Mix together the flours and salt in a large mixing bowl. Add the liquid gradually, stirring vigorously with a wooden spoon. Add the oil, and as soon as it’s formed a ball start to knead. (If it’s a bit dry, add water drops at a time until it’s kneadable). Knead until smooth and pliable.
Put the dough ball in a plastic bag or in a clean bowl covered with plastic wrap and leave in a warm place until more than doubled in bulk. In the winter, I find the ideal warm place is on top of a Big Ass PC case with gimpy motherboard which gives out excessive heat despite two cooling fans. This is one instance where I consider a PC to be superior for a task than a Mac.
After the dough has risen, punch it down and knead again. Cut into 8 to 12 equal pieces. Round off each piece into a smooth ball, and leave, covered with a damp cloth or plastic, to rest for about 10 minutes, on a floured surface. (This resting time I find is critical for the successful formation of the pocket inside the pita.)

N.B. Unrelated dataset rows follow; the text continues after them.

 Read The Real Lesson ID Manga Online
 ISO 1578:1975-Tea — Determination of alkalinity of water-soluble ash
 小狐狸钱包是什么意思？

Flatten the balls with your hand or a rolling pin to your desired diameter (for 12 pieces, about 5-6 inches / 12-15 cm is good). Let rest again for a few minutes so that the dough balls ‘relax’. [Edit: this was omitted before. It’s not critical, but if you’re having trouble getting a ‘pocket’ to form inside the pita, give this step a try.]
Heat up one or more non-stick frying pans, over medium-high heat.

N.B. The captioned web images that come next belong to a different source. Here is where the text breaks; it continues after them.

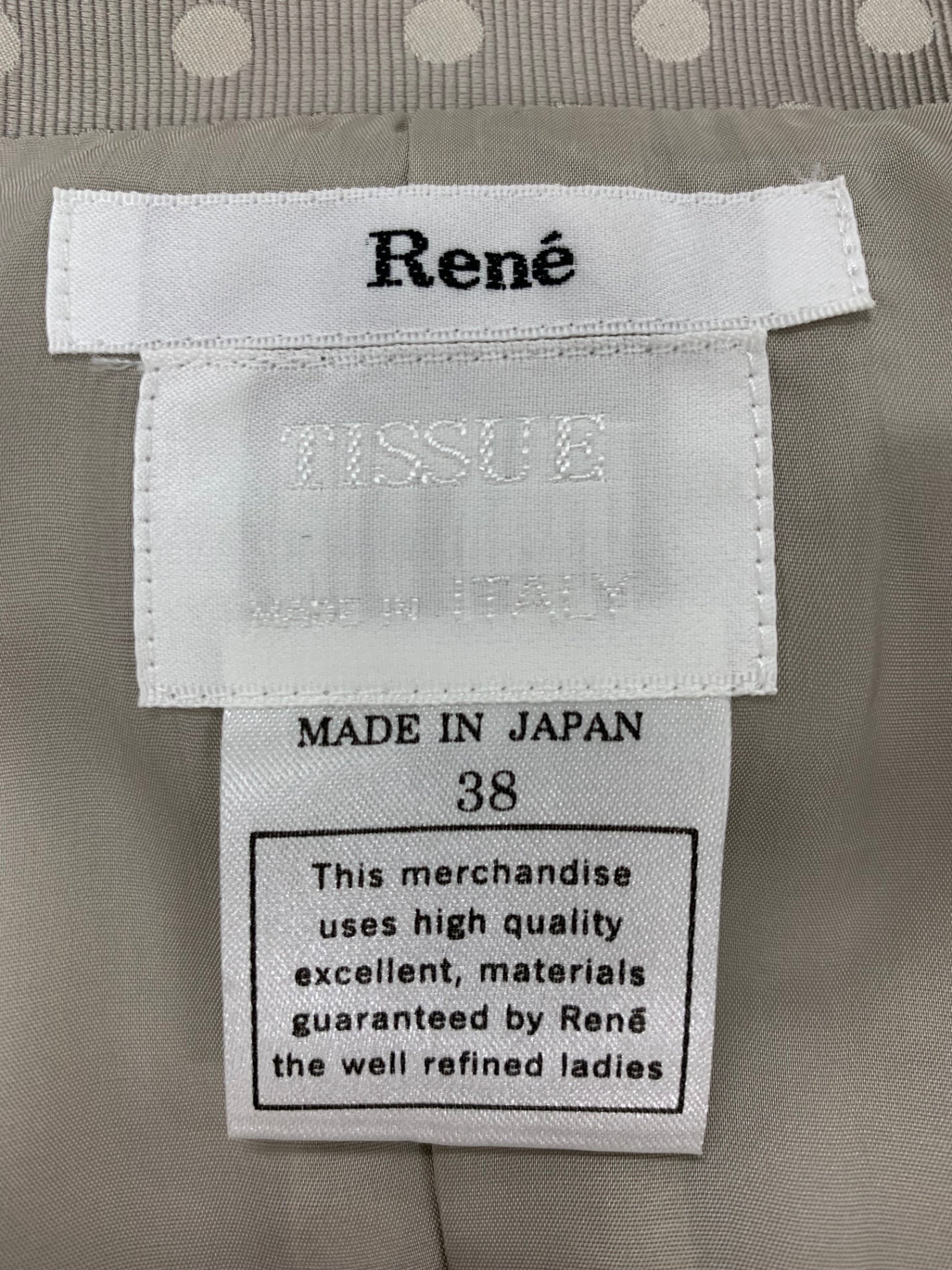ルネ 6236230 ワンピース コート 38 グレー 襟付き | 中古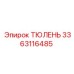 3363116485 ТЮЛЕНЬ Epiroc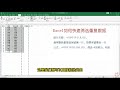 excel如何快速篩選重復數據❤️how to quickly filter duplicate data in excel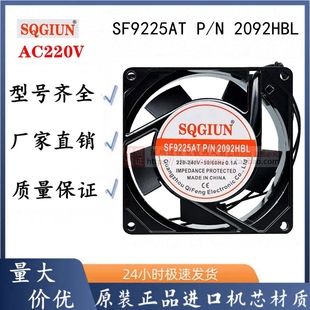 2092HBL 9025 SF9225AT 220V静音风扇 机柜轴流风机散热风扇 9cm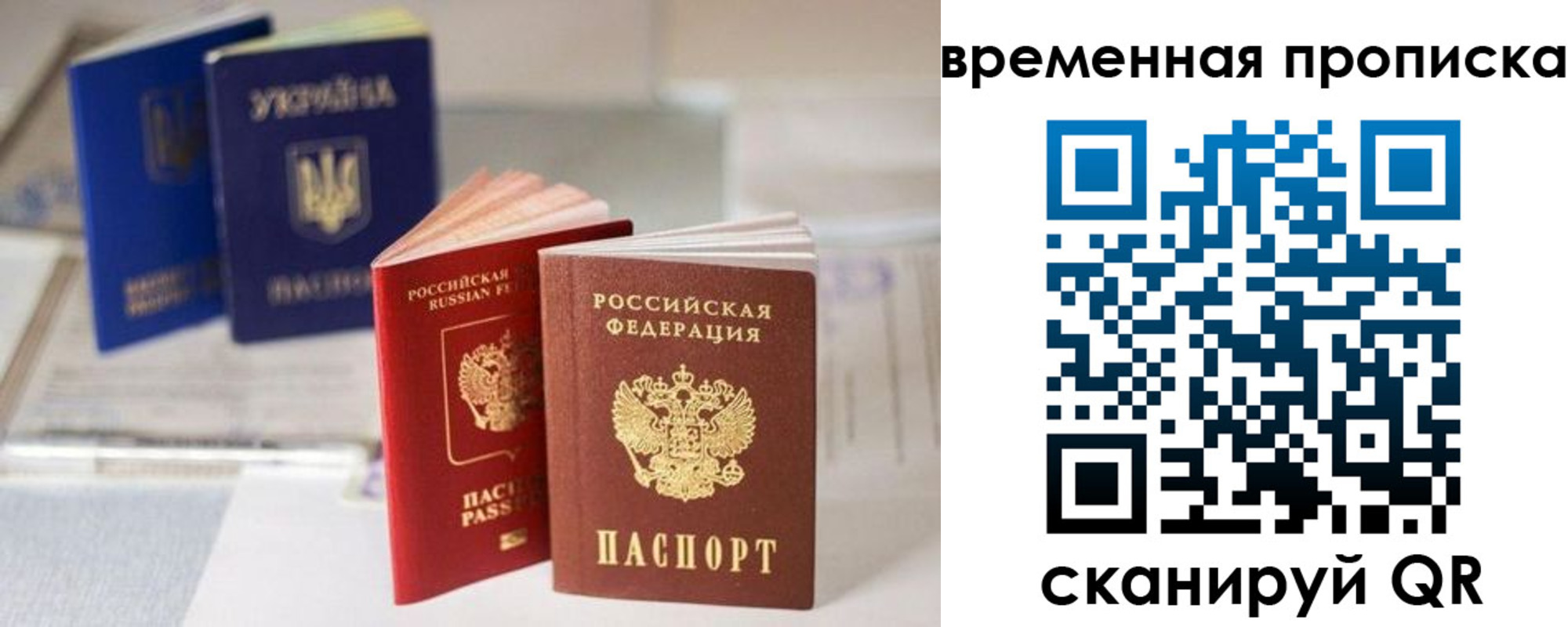 найти адрес прописки в Дедовске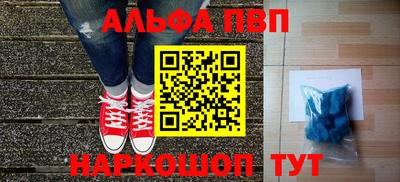 меф VHQ Гусев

Take a flattened ball and put in a hot frying pan. Cover with lid. Leave for about 2-3 minutes, until it puffs up. Flip over and cook for another 2-3 minutes on the other side. Some will puff more than others - don’t worry if the puffing is minimal, you can still use it.

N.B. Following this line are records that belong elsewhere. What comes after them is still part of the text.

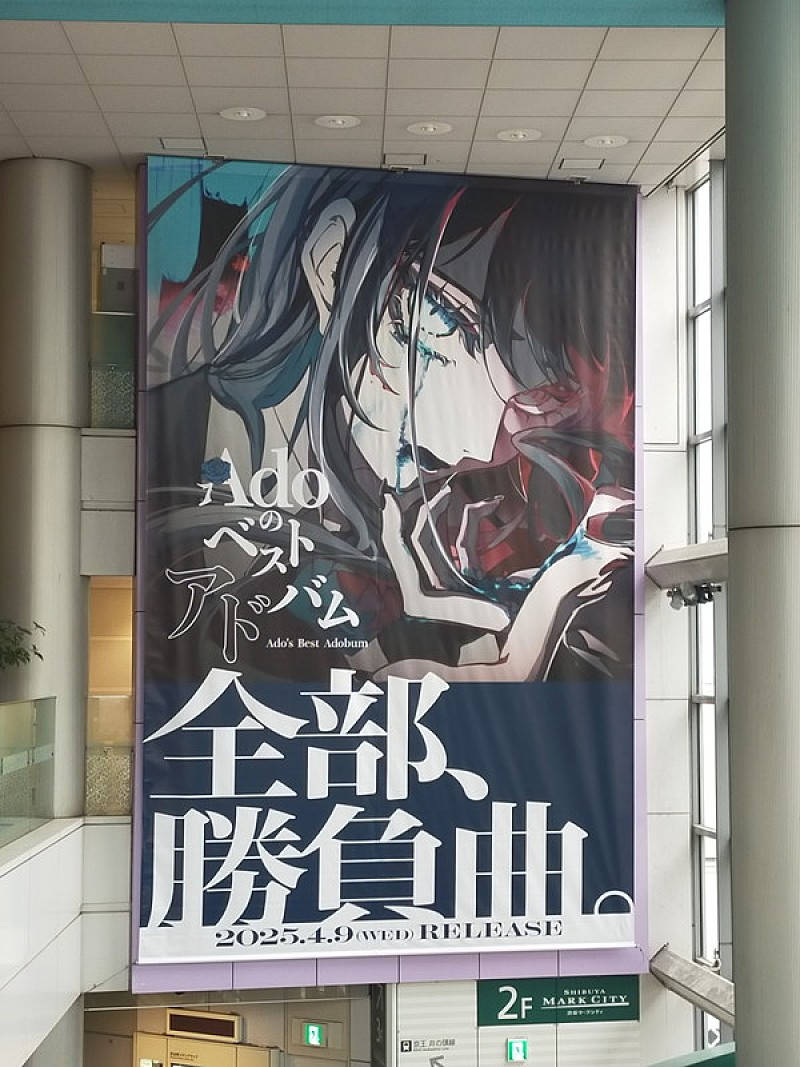 Adoのベストアドバム』巨大広告が登場＆3本のCM公開 | Daily News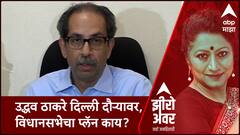 Zero Hour : मविआच्या नेत्यांचा दिल्ली दौरा! मिशन महाराष्ट्र विधानसभा ABP Majha
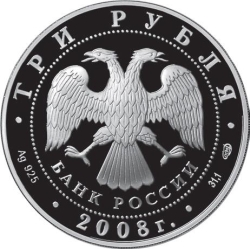 Аверс 3 рубля 2008 года СПМД proof «150-летие первой российской почтовой марки»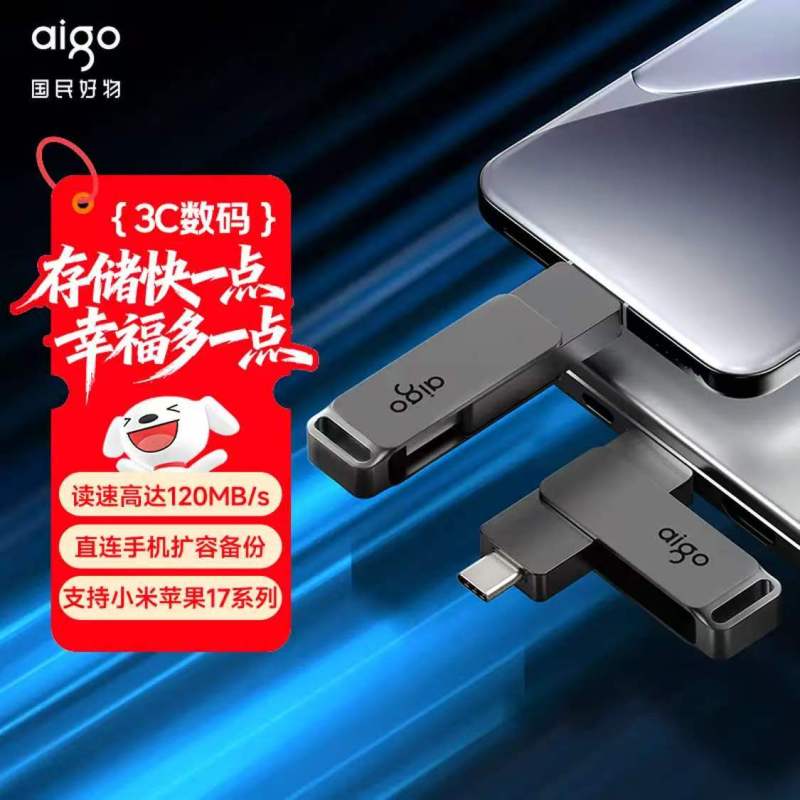 爱国者(aigo)手机U盘 G33 256GB 个高清大图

Take out of the pan and immediately put into the pillow case. Close up the pillow case. This allows the pita to cool in a somewhat closed environment, so the surface is sort of pliable rather than crispy and brittle. (You can, of course, use a large kitchen towel instead, but I thought you might have fun pointing out to your friends that there’s a crazy woman who wants you to use a pillow case for baking bread. And it works!)
Repeat for the rest of the dough. Once you get used to it, you can heat up 2, 3 or more frying pans at once and cook several at a time. I find that juggling two pans is my limit though, or the pitas get too black. A little charring is fine - it just adds to the flavor.